The biggest mistake many of us made was to demonize Barack Obama as an anti-Semite rather than to oppose him on policy. By doing so, we needlessly antagonized and mobilized other communities who might otherwise not have cared about the issue. And it allowed supporters of the Iran deal to turn the vote into a litmus test of loyalty to the President and the Democratic Party, probably costing us the support of Democrats who might otherwise have stood by us.
There are anti-Semites in government, and we must call them out and oppose them. Joe Biden is not one of them. We need to appeal to President Biden as a friend and supporter.
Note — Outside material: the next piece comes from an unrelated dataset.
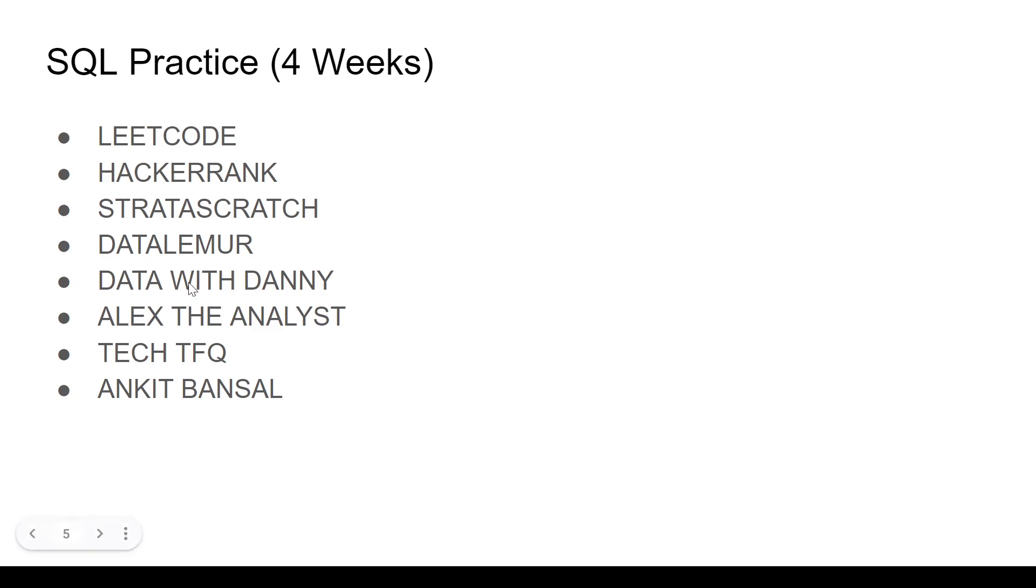Then we have Data with Danny eight week case study challenge. Absolutely fantastic. It has case study challenges and projects on food data, e-commerce data, marketing data, bank transaction data.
If and when it comes to the point where we must oppose him, the debate should be about his misguided policies, not about him.
Hashem rules the world.
Esther and Mordechai did not rely on their own talents. They ordered the Jewish people in Shushan to fast and pray for three days. Chazal say that as a result of the Purim miracle there was a resurgence of Torah and mitzvos as the Jewish community “committed themselves to what they had previously accepted.”
G-d’s name appears nowhere in the Megillah. But His presence can be felt in every word. As we approach the challenges ahead, we need to strengthen our t’filah, limud Torah, and kiyum mitzvos. May Hashem grant us the same wisdom and courage he granted to Mordechai and Esther so many years ago. May He guide us to success. And let us all thank Him for the miracles He has done for our forefathers and for us in days of old and in our own time.